Twelve randomly selected ponds consisting of three control ponds and nine treatment ponds were used in the experiment. The ponds were drained in November 1999, soil pH was measured, and agricultural lime was applied at an average rate of 2.4 metric tons (MT) per hectare. Ponds were flooded to about 1.2 meters deep, and rotenone was applied at 900 milliliters per pond in May 2000. A 1/2-hp electric aerator was installed in each pond.
Each pond was stocked in June 2000 with 4,500 45-day old juveniles weighing 0.15 grams each – equivalent to 44,478 PLs per hectare. The juveniles were transported from a commercial hatchery 30 minutes away in a live-haul truck. For acclimation, half the water in each of the 12 tanks was replaced with pond water. The juveniles were transferred to buckets and stocked in the ponds, allowing them to swim out of the buckets at their own pace.
Feeds and feeding
Feeding schedules were prepared for three feeding periods: first 30 days, second 30 days, and last 60 days. A daily ration of cottonseed meal was provided in all ponds during the first 30 days at a rate of about 3.7 kilograms per hectare. In the control ponds (treatment A), prawns were fed pelletized, 32 percent-protein sinking catfish feed from day 31 until harvest.
The first set of three treatment ponds (treatment B) received the same catfish feed from day 31 to day 60, with extruded, 35 percent protein sinking shrimp feed from day 61 until harvest time. Prawns in a second set of three ponds (treatment C) were fed catfish feed during the second period, and with extruded, 40 percent-protein sinking shrimp feed during the final period. In the final set of three ponds (treatment D) 35 percent protein shrimp feed was applied from day 31 until harvest. All feed was broadcast twice daily along each side of the ponds, at 8-9 a.m. and 4-5 p.m.
Dissolved oxygen and temperature were monitored daily, and salinity, pH, total ammonia, nitrogen, and nitrite were measured on a biweekly basis.
During harvest, ponds were drained through screened drainpipes and pumps to avoid accidental release into the environment. Prawns were picked up from low areas in the pond and harvest sumps located near the drainpipes. They were washed, weighed, loaded in totes with ice, and transported to the processing plant.
The use of higher feed protein levels in the experimental prawn grow-out did not produce higher prawn yields. Different feed protein levels had no significant effects on prawn survival rate, harvest size or count, yield, or gross feed conversion.
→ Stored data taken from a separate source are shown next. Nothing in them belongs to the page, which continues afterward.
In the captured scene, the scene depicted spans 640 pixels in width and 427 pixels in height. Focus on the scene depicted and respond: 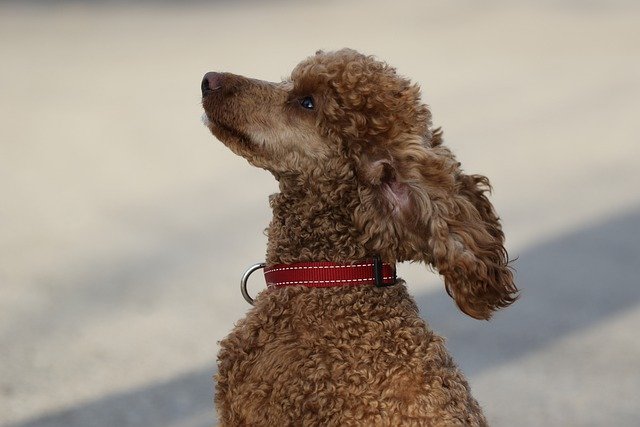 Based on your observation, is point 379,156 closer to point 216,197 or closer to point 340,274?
point 340,274

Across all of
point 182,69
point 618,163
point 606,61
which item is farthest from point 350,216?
point 606,61

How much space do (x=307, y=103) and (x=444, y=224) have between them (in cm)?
51

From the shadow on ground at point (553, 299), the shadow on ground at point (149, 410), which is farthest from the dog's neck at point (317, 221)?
the shadow on ground at point (553, 299)

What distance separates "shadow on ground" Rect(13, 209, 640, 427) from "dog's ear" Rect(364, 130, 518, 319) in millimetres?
1921

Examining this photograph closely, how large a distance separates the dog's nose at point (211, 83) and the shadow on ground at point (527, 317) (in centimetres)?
180

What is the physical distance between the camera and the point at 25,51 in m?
11.9

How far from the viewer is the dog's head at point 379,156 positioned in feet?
10.6

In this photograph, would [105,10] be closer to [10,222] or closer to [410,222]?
[10,222]

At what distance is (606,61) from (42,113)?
4815 millimetres

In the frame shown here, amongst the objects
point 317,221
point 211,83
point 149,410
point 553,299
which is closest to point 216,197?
point 553,299

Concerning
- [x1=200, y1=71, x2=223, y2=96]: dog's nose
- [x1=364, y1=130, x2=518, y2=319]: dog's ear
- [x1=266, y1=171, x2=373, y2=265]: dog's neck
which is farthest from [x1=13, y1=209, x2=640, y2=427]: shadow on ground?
[x1=364, y1=130, x2=518, y2=319]: dog's ear

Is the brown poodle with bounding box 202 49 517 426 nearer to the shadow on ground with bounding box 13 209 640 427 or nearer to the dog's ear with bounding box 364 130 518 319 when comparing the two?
the dog's ear with bounding box 364 130 518 319

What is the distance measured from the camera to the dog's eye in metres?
3.45

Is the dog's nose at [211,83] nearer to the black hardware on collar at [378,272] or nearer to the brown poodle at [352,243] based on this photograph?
the brown poodle at [352,243] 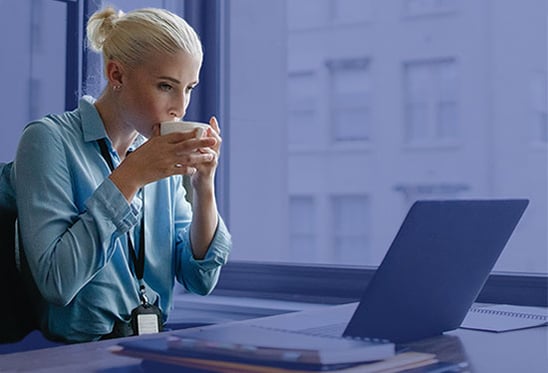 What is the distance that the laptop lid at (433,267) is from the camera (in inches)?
36.1

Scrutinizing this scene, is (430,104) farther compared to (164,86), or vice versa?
(430,104)

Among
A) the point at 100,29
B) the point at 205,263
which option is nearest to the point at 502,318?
the point at 205,263

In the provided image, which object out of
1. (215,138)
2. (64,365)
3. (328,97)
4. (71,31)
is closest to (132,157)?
(215,138)

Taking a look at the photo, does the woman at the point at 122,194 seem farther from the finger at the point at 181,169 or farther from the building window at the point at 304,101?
the building window at the point at 304,101

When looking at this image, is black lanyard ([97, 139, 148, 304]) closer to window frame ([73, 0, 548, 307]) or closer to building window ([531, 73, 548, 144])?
window frame ([73, 0, 548, 307])

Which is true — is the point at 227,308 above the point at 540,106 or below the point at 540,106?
below

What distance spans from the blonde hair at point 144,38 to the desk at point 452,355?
64 cm

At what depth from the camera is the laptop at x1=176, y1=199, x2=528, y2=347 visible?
2.99 feet

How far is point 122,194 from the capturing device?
1304 mm

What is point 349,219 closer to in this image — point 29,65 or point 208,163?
point 29,65

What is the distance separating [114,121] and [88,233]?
304 millimetres

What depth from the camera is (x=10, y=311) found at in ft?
4.69

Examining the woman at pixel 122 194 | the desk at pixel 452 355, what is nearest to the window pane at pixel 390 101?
the desk at pixel 452 355

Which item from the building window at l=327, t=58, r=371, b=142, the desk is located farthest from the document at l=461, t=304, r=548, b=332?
the building window at l=327, t=58, r=371, b=142
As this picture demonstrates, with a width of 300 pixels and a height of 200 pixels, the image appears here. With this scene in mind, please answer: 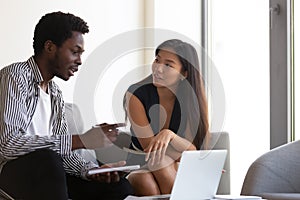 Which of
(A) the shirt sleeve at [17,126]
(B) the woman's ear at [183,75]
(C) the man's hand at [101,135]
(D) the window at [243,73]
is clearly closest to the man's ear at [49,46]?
(A) the shirt sleeve at [17,126]

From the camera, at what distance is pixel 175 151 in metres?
2.66

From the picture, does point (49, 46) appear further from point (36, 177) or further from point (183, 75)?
point (183, 75)

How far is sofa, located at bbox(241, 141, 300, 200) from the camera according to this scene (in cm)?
258

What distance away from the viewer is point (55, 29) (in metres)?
2.43

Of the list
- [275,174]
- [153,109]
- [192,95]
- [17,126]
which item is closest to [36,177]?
[17,126]

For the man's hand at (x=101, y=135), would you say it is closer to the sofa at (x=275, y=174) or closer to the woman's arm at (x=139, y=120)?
the woman's arm at (x=139, y=120)

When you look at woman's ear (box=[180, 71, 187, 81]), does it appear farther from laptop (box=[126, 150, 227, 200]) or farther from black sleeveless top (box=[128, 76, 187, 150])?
laptop (box=[126, 150, 227, 200])

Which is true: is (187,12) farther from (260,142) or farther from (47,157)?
(47,157)

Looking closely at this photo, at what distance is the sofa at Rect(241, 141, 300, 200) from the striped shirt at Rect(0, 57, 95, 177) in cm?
72

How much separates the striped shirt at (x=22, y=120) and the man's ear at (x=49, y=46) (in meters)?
0.07

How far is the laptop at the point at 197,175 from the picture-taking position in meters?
2.01

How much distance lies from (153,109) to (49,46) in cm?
67

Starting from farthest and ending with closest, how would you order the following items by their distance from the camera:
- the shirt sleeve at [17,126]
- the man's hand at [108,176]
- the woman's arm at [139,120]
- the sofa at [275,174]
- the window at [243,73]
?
the window at [243,73] → the woman's arm at [139,120] → the sofa at [275,174] → the man's hand at [108,176] → the shirt sleeve at [17,126]

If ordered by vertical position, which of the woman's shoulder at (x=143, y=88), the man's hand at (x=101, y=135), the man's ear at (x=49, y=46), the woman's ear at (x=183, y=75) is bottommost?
the man's hand at (x=101, y=135) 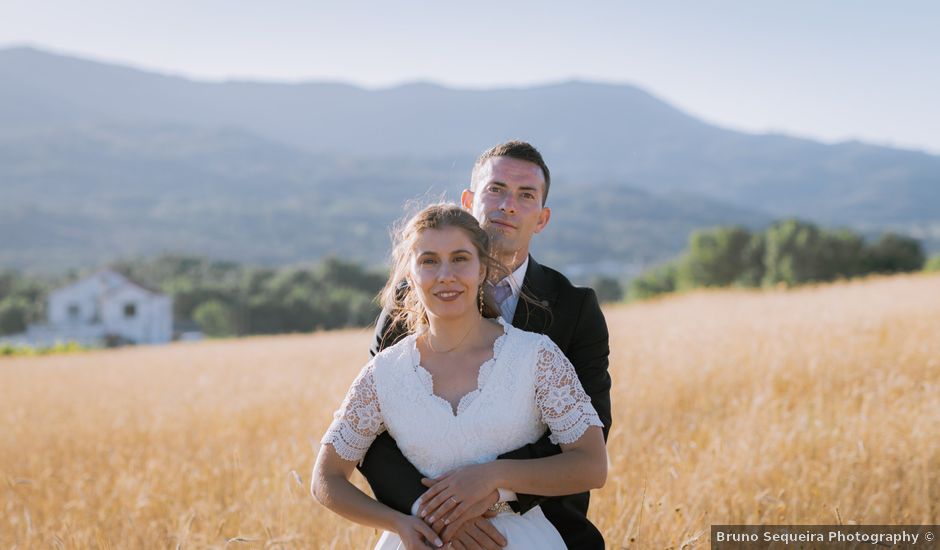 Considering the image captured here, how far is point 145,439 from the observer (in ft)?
30.5

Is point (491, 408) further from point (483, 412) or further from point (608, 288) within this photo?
point (608, 288)

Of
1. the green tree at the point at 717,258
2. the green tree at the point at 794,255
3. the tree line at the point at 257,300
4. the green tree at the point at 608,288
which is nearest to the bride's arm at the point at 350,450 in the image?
the green tree at the point at 794,255

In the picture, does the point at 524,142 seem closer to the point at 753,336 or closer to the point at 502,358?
the point at 502,358

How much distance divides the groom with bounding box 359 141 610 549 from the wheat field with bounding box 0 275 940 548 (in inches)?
23.5

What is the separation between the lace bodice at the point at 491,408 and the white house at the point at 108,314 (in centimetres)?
9732

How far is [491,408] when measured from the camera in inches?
122

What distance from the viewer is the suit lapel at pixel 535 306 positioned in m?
3.63

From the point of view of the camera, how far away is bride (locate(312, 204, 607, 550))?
10.1 feet

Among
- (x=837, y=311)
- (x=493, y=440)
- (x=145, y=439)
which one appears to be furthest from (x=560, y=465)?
(x=837, y=311)

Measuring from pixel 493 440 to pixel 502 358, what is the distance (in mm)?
296

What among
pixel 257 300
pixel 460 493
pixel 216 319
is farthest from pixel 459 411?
pixel 216 319

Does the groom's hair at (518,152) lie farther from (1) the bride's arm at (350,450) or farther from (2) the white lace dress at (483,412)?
(1) the bride's arm at (350,450)

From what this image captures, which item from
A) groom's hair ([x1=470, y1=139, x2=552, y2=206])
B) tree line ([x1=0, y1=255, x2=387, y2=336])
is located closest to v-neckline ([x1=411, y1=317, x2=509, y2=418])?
groom's hair ([x1=470, y1=139, x2=552, y2=206])

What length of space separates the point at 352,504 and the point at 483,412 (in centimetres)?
59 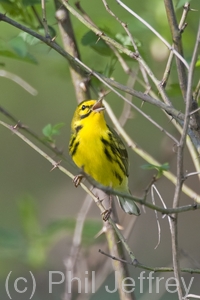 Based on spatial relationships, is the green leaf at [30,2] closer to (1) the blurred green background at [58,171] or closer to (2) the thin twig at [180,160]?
(1) the blurred green background at [58,171]

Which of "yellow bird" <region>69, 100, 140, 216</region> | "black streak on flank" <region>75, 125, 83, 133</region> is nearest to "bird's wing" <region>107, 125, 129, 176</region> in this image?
"yellow bird" <region>69, 100, 140, 216</region>

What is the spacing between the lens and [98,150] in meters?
4.14

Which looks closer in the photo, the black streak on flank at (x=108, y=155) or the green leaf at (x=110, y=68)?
the green leaf at (x=110, y=68)

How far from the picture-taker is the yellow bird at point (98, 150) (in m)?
4.10

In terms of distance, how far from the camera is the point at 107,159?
416 centimetres

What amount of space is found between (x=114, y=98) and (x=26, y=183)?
135cm

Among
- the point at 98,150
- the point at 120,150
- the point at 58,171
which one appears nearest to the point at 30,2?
the point at 98,150

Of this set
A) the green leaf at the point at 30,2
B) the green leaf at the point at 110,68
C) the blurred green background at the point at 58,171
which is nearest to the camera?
the green leaf at the point at 30,2

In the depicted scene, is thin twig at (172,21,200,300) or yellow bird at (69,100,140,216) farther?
yellow bird at (69,100,140,216)

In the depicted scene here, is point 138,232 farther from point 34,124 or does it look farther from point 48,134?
point 48,134

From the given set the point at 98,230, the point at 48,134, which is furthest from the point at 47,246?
the point at 48,134

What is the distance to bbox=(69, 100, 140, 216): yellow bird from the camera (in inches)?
161

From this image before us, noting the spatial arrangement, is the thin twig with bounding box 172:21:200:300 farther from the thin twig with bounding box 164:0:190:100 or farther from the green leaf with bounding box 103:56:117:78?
the green leaf with bounding box 103:56:117:78

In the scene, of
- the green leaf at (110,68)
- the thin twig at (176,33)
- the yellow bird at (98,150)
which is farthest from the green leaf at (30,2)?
the yellow bird at (98,150)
Prawn yields (Fig. 1) averaged 1,049 kilograms per hectare, ranging from 906 kilograms per hectare for treatment C to 1,183 kilograms per hectare for treatment A. Survival rates averaged 51 percent. Prawn counts were about 22 animals per kilogram, and gross feed conversion ratio was 3.5 kg feed per kilogram prawn (Fig. 2).
Although not significantly different, better survival, count, yield, and feed conversion were observed among ponds with the sinking catfish feed. These results, however, indicated that 0.10-ha pond yields averaging 1,049 kilograms per hectare were attainable at a stocking density of 44,478 postlarvae per hectare.
Our results showed no significant effects of different protein levels on freshwater prawn production. Earlier results by other U.S. investigators also indicated insignificant differences in pond yields from the use of a commercial catfish feed and an experimental shrimp feed with varying protein levels. Our efforts to develop a better feed will continue so that Mississippi prawn farmers can competitively produce freshwater prawns at sustainable levels.